Предполагалось, что после ответа на щекотливый вопрос, тема сама собой потухнет.
— Черные наступают, — упрямо повторил Петр.
— Ну, это мы уже выяснили, дальше что? Да, наступают. Ну и что делать надо? Ты ж говоришь: надо что-то делать. Ну, что?
Петр молчал.
— Нет, если делать, то делать. Вот и говори: что нужно делать.
Петр молчал.
Петр молчал.
Петр молчал.
Наконец Семен прыснул, и громко протяжно расхохотался, даже не видя, как у Петра напряглись скулы.
— Ну, Петенька… — утирая слезы, начал он.
— Я тебе не Петенька! Ты что, надо мной ржешь? – он вскочил и схватил Семена за лицо. Тот только попытался встать, как Петр ткнул его кулаком в зубы. Произошло это быстро и неожиданно.
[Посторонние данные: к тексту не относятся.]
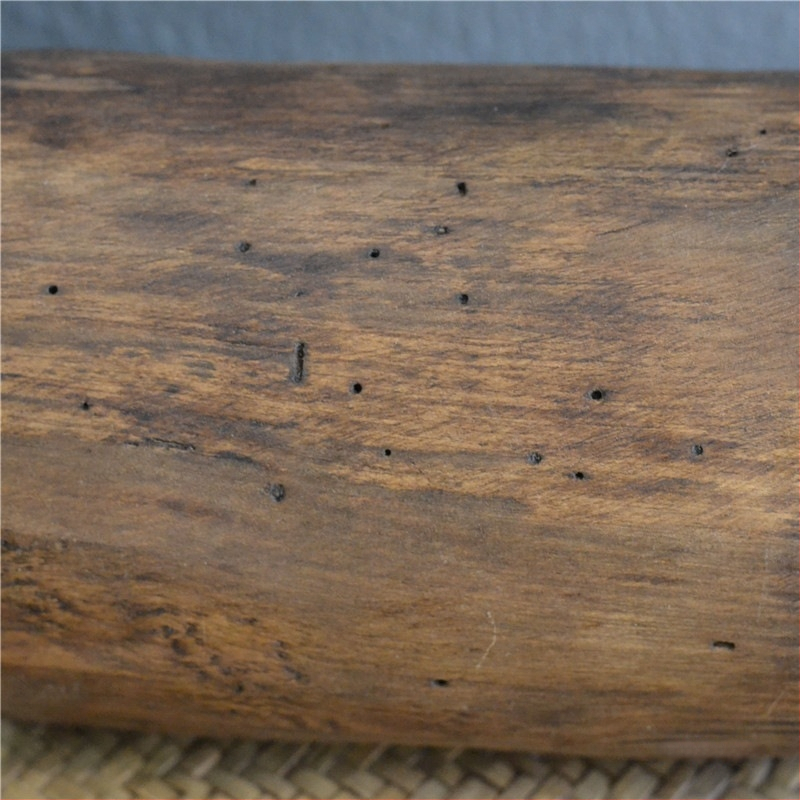 Ümmargune puidust kirjutusvahendi hoidja, mudel T096, retro stiilis laua dekor kodu- ja kontorisse, suurepärane kingitus kolimiseks või jõulude jaoks.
Петр опять небыстро пихнул Семена в грудь, но тот выкрутился и двумя сильнейшими поставленными апперкотами сбил обидчика с ног.
— Ты мне гУбу разбил, — удивленно сказал он, размазывая по лицу темную кровь.
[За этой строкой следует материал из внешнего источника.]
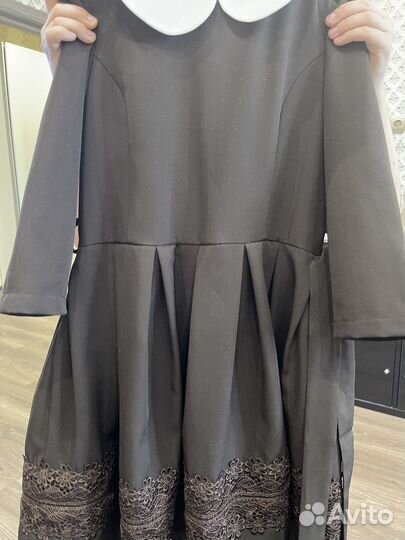 Школьное платье 130 -140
— Э, мужики, да вы что! – Егорка встал между дерущимися, расставив руки как рефери на ринге. Но Петр быстро поднялся, отпихнул его, и размахивая руками, снова кинулся на Семена. Тот несколько раз поднырнул под удары, но снова пропустил удар в ухо.
— Эй, хватай их, растащим… — просвистел поэт Витя. Он обхватил Петра сзади подмышки, а Егорка аккуратно начал отпихивать Семена. Просвистело еще несколько точных ударов, разнимающие разлетелись в стороны.
— Ты что ж мне гУбу разбил, — как заведенный, повторял Семен, нанося одинаковые тяжелые удары снизу вверх. Его противник неуклюже прикрывался, и размахивал во все стороны длинными мускулистыми руками. Егорка выискивал момент, когда вклиниться между ними, так, чтобы не пострадать самому.
А поэт Витя лежал на земле, прикрытый порослью кустов, из-под головы его расползалась на бордюре багряница. В удивленных стекленеющих глазах отражалось звездное небо.